= Samuel Adams Holyoke =

Samuel Adams Holyoke (15 October 1762 – 7 February 1820) was an American composer and teacher of vocal and instrumental music.

==Biography==
Holyoke was the son of Rev. Elizur Holyoke and Hannah Peabody. He was born 15 October 1762 in Boxford, Massachusetts, and died 7 February 1820 in Concord, New Hampshire. He was a Congregationalist and a Mason, and never married.

After preparatory training at Phillips Academy, Andover, Holyoke matriculated at Harvard College in 1786. The source of his musical training is unknown, but he was composing music before he graduated from Harvard in 1789. In 1789–1790, he contributed four secular compositions to Isaiah Thomas's Massachusetts Magazine. A prolific composer, he composed some 700 pieces, including psalm tunes and anthems and occasional pieces, some with instrumental accompaniment.

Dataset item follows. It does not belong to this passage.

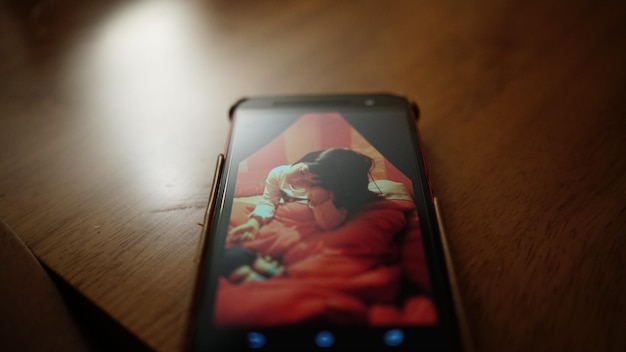 Foto close-up de fotografia de menina em telefone celular na mesa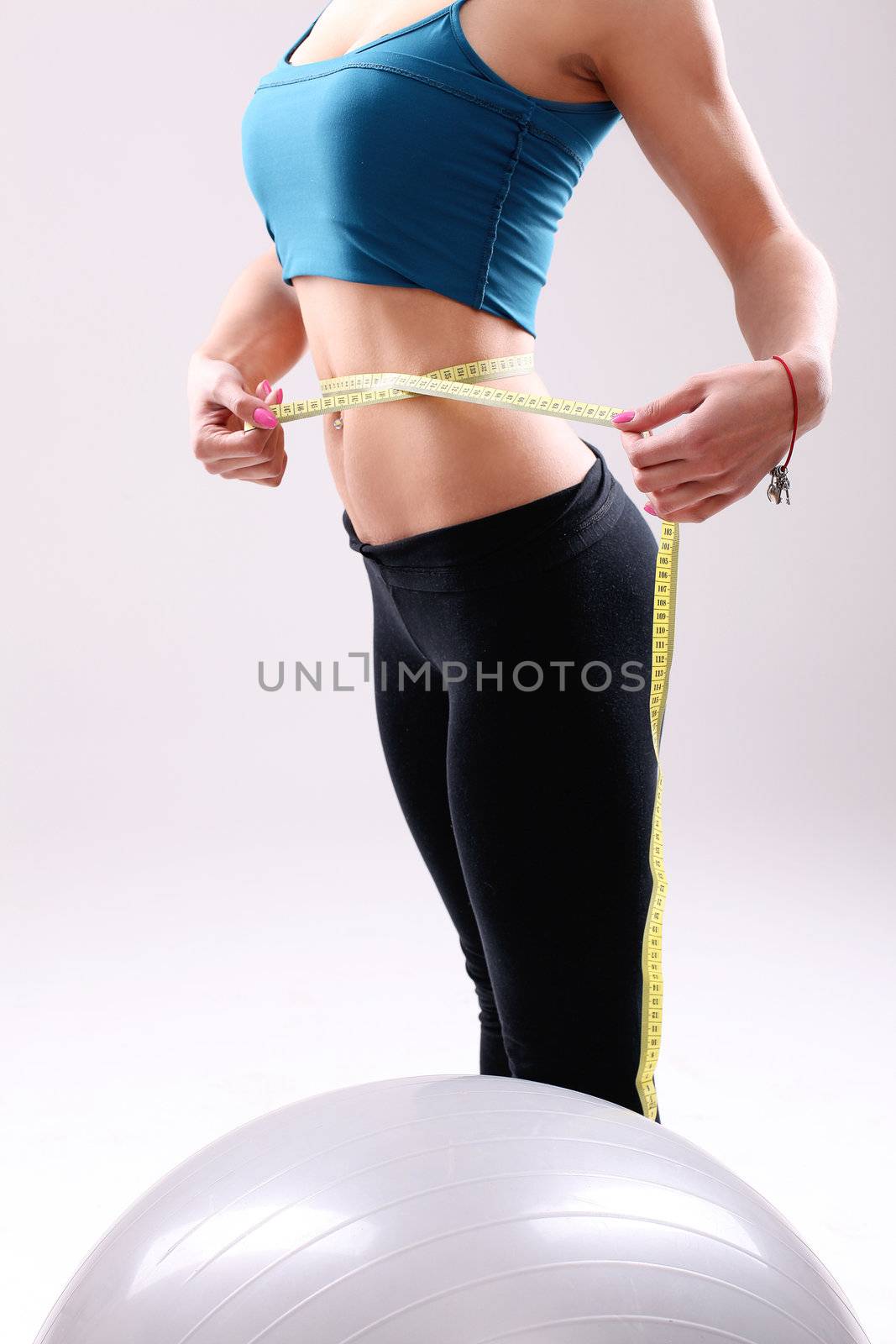 Slim girl measuring her waist with ruler after abs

In 1793, Holyoke helped to found Groton Academy in Groton, Massachusetts, where he served as the first headmaster. In 1809–1810 Holyoke served as music instructor at Phillips Academy.

==Legacy==
After his death, his music was largely forgotten. His importance to American music was summed up by music historian George Hood: "There was no man of his day that did more for the cause of music than Samuel Holyoke."

==Published works==

- Harmonia Americana (Boston, 1791)
- The Massachusetts Compiler (Boston, 1795, with Oliver Holden and Hans Gram)
- "Exeter: for Thanksgiving" (Exeter, NH, 1798)
- "Hark from the Tombs" and "Beneath the Honors" (Exeter, NH, 1800, in honor of George Washington)
- The Instrumental Assistant (Exeter, NH, 1800)
- A Dedication Service (Exeter, NH, 1801)
- Occasional Music (Exeter, NH, 1802)
- The Columbian Repository (Exeter, NH, 1803)
- Masonic Music (Exeter, NH, 1803)
- A Dedication Service (Salem, MA, 1804; different music from the 1801 publication)
- The Christian Harmonist (Salem, MA, 1804)
- The Occasional Companion, nos. 1–7 (Exeter, NH, Dedham, MA, and Boston, 1806-after 1810)
- The Instrumental Assistant II (Exeter, NH, 1807)
- The Vocal Companion (Exeter, NH, 1807)

==Bibliography==
- Eskew, Harry, and Karl Kroeger (ed), Samuel Holyoke and Jacob Kimball: Selected Works (New York, 1998).
- Metcalf, Frank J., American Writers and Compilers of Sacred Music (New York, 1925), 114–120.
- Nichols, Andrew, "Genealogy of the Holyoke Family", Historical Collections of the Essex Institute 3 (1861): 57–61.
- Perley, Sidney, The History of Boxford, Essex County, Massachusetts (Boxford, MA, 1880.)
- Willhide, J. Lawrence, "Samuel Holyoke: American Music Educator" (PhD diss., University of Southern California, 1954).